Fate of sodium and chlorine during the co-hydrothermal carbonization of high-alkali coal and polyvinyl chloride

Abstract

This paper offered a synthetic co-hydrothermal carbonization (co-HTC) process to remove the sodium and chloride from high-alkali coal and polyvinyl chloride (PVC) to address the issue of contamination caused by high-alkali coal and chlorinated wastes. This work examined the effect of the mass ratio of PVC to coal (Rp/c) ranging from 0 to 0.20 (g/g) and the co-HTC temperature ranging from 225 to 300 °C on the dechlorination efficiency (DE), the sodium removal efficiency (RE), and the higher heating value (HHV) of hydrochar.

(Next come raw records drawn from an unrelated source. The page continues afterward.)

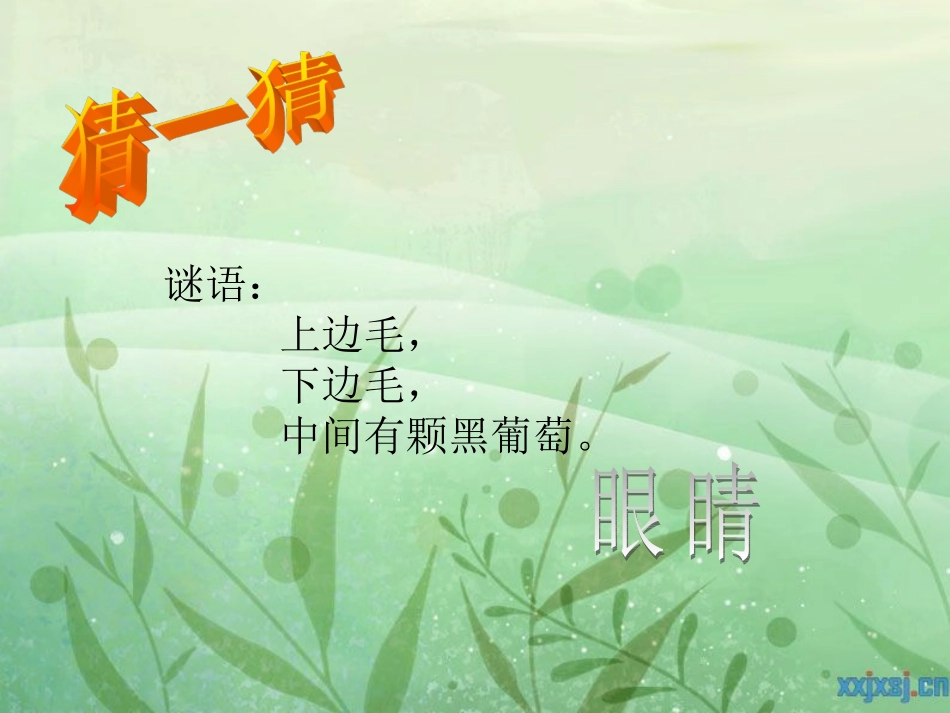 保护视力幻灯片_第3页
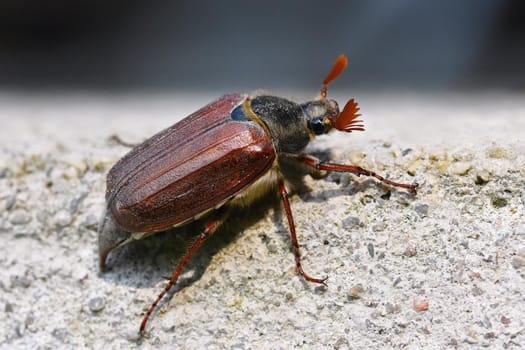 Beautiful beetle in nature. Cockchafer. Macro shot.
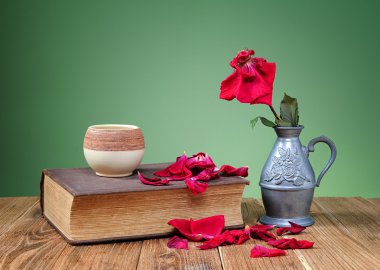 kitap ve kuru çiçekler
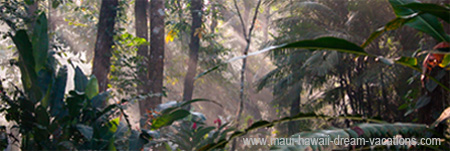 Airplane carry on mosquitoe repellent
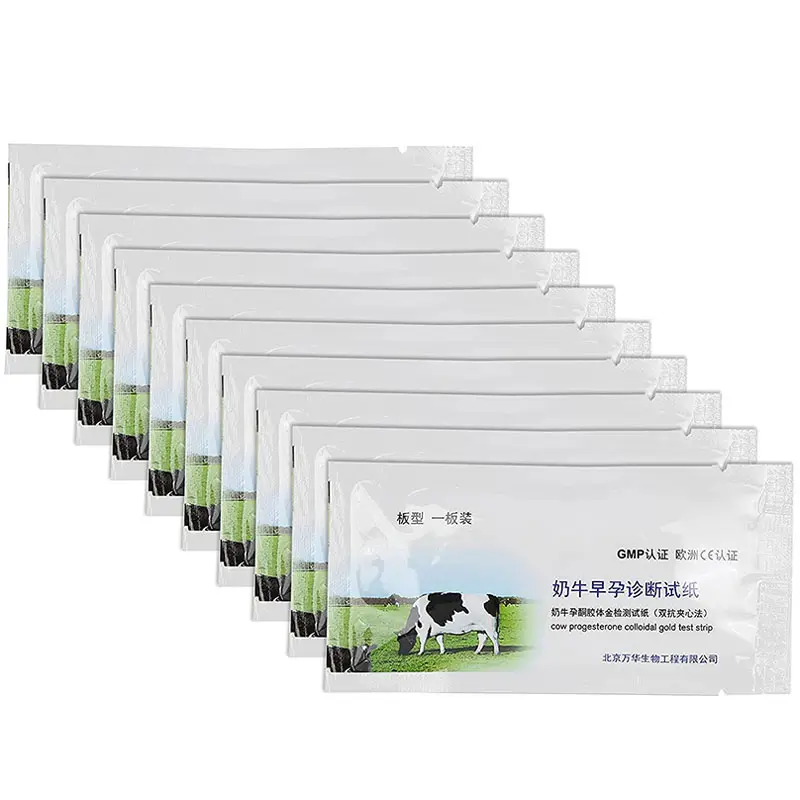 Test de grossesse des vaches Bétail Vache positive une étape bandelette de test de grossesse hcg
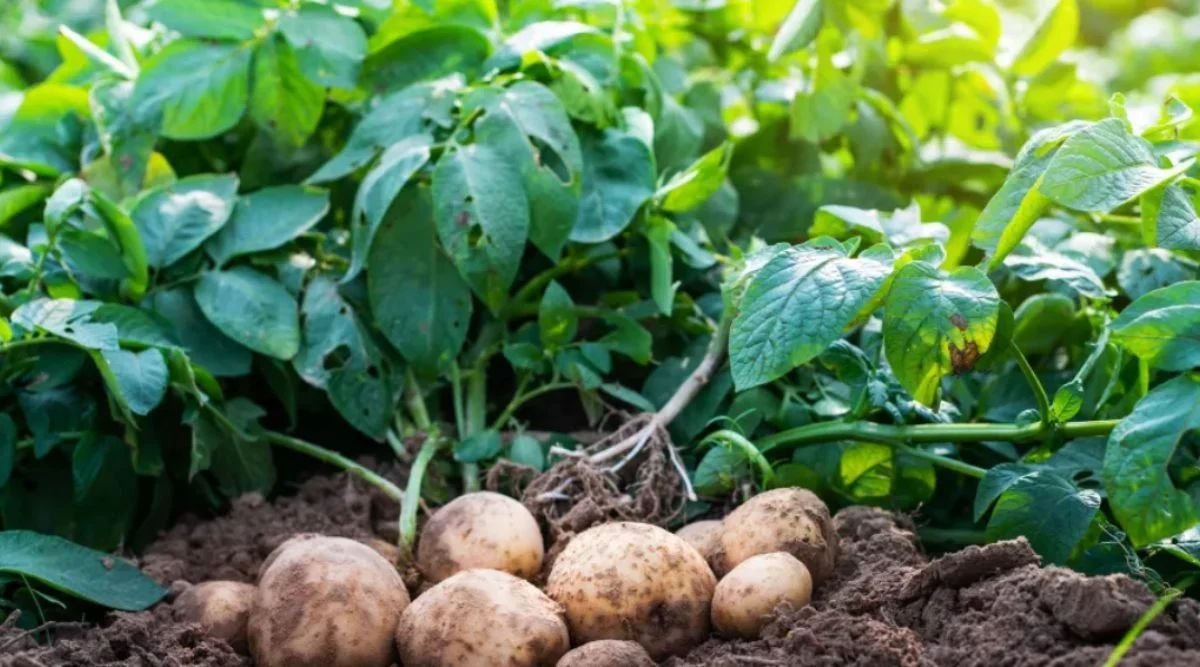 Why Is Tissue Culture Technique Effective In Potato Seed Production?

Both of the temperature and Rp/c have noteworthy effect on the improvement of DE and RE in the co-HTC process. In this process, the temperature and Rp/c have significant effect on the morphology of hydrochar. Cracks on the surface of hydrochar became more visible with the increase of Rp/c, which could benefit to remove sodium ions from coal matrix. The co-HTC process was conducive to the improvement of HHV. The co-HTC process is cost-effective because sodium and chloride were removed from raw materials simultaneously without chemical additives. Thus, this work presents an innovative insight into the technological development of waste-to-energy and high-alkali-coal cleaner production.